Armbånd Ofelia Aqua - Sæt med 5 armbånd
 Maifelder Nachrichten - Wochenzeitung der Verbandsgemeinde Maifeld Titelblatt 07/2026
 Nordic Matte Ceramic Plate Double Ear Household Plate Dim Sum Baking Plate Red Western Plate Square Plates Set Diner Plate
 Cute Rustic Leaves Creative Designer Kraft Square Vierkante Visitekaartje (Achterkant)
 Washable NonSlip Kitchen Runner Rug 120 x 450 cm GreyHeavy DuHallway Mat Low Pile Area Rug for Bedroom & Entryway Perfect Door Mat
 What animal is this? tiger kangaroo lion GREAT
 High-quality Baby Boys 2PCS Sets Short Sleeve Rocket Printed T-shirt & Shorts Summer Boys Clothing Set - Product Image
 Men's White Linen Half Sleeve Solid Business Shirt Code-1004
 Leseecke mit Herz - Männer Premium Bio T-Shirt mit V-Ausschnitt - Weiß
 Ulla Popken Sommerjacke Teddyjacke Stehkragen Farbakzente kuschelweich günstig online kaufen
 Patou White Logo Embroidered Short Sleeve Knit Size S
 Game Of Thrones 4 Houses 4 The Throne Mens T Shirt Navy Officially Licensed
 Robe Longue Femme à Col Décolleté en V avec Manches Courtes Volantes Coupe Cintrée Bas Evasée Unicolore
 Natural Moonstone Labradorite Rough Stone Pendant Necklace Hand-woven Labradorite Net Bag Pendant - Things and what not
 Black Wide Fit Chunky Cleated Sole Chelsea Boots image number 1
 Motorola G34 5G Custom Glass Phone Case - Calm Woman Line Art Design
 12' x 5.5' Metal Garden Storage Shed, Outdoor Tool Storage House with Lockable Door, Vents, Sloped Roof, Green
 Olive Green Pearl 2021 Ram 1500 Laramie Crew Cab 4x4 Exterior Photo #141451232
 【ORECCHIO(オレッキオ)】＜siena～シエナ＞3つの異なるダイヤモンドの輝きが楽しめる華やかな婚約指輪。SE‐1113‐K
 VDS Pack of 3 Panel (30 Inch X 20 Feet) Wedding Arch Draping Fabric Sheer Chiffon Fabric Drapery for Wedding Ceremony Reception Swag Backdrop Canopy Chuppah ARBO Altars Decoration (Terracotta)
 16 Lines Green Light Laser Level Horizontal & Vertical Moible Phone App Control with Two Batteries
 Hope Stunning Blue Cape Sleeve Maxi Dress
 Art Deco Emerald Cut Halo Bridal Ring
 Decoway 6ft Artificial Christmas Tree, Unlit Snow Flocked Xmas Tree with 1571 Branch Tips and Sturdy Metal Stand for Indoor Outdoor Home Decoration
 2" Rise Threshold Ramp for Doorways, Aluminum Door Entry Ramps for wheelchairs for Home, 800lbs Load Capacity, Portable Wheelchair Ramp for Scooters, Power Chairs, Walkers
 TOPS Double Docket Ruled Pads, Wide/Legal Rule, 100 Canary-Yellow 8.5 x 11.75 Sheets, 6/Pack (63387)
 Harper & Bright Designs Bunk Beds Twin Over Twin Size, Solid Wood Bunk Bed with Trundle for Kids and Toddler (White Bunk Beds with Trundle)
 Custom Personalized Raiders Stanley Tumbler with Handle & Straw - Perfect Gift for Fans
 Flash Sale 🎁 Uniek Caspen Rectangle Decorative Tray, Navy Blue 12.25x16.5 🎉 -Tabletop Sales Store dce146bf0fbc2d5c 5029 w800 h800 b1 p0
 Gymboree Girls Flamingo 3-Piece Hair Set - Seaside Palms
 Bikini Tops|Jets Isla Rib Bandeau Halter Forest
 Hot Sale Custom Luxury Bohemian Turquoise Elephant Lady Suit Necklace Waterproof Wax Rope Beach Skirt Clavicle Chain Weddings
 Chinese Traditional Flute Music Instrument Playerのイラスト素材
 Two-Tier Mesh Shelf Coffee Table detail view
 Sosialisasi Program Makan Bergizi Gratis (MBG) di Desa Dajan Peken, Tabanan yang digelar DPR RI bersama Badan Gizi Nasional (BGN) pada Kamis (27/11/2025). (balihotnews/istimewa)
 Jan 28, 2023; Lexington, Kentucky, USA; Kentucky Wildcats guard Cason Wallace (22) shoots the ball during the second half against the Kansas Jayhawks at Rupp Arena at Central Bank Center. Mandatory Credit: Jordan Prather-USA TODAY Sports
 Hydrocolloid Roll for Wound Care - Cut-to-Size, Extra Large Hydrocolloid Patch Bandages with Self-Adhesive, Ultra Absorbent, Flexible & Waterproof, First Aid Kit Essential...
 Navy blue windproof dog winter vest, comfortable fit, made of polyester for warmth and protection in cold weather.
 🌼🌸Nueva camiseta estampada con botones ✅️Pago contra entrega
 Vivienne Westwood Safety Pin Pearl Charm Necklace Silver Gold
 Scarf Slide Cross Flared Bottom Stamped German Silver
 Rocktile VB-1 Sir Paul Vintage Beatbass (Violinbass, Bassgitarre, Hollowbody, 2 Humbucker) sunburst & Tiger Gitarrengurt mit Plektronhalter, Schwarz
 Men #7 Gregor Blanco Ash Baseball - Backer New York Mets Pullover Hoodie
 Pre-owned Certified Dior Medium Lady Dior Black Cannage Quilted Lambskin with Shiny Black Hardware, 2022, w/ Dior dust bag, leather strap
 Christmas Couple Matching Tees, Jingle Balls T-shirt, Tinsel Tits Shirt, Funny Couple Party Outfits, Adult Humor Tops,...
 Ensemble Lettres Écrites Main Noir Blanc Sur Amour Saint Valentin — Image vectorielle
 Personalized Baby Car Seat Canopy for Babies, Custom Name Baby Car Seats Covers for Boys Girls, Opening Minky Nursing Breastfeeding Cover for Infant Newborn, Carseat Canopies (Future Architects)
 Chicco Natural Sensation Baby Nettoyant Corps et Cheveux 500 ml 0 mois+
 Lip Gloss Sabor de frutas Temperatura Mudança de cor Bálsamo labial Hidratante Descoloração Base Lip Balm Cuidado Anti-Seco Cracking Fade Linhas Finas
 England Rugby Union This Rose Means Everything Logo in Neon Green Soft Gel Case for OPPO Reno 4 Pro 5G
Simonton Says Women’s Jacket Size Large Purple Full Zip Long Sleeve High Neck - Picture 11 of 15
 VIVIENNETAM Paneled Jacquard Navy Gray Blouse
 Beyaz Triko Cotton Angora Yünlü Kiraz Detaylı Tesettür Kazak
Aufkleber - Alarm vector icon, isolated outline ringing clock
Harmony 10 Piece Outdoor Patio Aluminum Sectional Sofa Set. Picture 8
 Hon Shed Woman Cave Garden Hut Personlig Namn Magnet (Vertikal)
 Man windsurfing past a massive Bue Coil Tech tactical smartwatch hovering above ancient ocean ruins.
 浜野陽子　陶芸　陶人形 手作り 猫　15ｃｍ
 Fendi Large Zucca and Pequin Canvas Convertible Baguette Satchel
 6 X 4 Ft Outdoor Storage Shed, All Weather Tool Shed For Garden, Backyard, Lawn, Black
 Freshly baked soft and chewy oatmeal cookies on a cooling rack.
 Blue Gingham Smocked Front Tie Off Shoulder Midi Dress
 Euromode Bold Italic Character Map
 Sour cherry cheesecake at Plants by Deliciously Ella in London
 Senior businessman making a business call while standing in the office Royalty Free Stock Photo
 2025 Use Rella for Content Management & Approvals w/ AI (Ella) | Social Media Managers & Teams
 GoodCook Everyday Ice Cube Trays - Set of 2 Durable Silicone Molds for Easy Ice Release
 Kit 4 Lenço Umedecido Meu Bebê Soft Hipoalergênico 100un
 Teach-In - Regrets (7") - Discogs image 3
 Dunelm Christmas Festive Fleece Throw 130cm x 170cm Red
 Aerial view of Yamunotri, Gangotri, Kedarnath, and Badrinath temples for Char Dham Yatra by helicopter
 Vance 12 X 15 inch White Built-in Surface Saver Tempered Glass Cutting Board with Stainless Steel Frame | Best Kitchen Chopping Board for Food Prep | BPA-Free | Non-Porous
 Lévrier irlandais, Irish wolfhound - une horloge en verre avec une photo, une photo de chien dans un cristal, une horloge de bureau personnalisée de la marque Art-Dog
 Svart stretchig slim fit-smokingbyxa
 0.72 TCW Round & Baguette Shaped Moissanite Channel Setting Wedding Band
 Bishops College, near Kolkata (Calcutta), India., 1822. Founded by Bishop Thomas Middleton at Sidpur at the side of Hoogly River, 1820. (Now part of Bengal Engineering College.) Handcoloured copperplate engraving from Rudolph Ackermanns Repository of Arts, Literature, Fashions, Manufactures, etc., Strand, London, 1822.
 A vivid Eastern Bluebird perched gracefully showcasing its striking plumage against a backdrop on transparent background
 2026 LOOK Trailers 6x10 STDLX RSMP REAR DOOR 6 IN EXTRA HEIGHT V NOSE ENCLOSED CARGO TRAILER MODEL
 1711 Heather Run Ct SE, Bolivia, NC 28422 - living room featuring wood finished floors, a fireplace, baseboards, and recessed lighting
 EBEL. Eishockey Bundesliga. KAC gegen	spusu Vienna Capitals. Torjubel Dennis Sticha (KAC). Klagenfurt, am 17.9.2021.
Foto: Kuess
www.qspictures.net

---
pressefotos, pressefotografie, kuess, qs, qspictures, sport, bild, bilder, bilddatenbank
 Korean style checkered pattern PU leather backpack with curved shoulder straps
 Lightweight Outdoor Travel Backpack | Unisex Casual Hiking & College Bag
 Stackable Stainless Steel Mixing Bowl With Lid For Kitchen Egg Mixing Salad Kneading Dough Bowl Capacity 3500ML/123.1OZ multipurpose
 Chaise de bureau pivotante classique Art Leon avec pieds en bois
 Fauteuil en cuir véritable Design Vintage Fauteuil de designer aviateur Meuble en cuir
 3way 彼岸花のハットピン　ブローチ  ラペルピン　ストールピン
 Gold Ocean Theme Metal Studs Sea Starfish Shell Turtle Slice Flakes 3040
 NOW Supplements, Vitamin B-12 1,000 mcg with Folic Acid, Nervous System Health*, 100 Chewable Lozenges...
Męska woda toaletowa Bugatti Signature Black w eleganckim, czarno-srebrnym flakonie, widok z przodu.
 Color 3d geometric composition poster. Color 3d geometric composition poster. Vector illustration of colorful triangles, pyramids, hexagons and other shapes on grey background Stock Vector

#####

● **WORK ITEM**: Which lines run from the one holding "Lightweight Outdoor Travel" through the one holding "NOW Supplements, Vitamin" in the records above? Repeat them exactly, both included, and nothing more.

● **EXPECTED ANSWER**:
 Lightweight Outdoor Travel Backpack | Unisex Casual Hiking & College Bag
 Stackable Stainless Steel Mixing Bowl With Lid For Kitchen Egg Mixing Salad Kneading Dough Bowl Capacity 3500ML/123.1OZ multipurpose
 Chaise de bureau pivotante classique Art Leon avec pieds en bois
 Fauteuil en cuir véritable Design Vintage Fauteuil de designer aviateur Meuble en cuir
 3way 彼岸花のハットピン　ブローチ  ラペルピン　ストールピン
 Gold Ocean Theme Metal Studs Sea Starfish Shell Turtle Slice Flakes 3040
 NOW Supplements, Vitamin B-12 1,000 mcg with Folic Acid, Nervous System Health*, 100 Chewable Lozenges...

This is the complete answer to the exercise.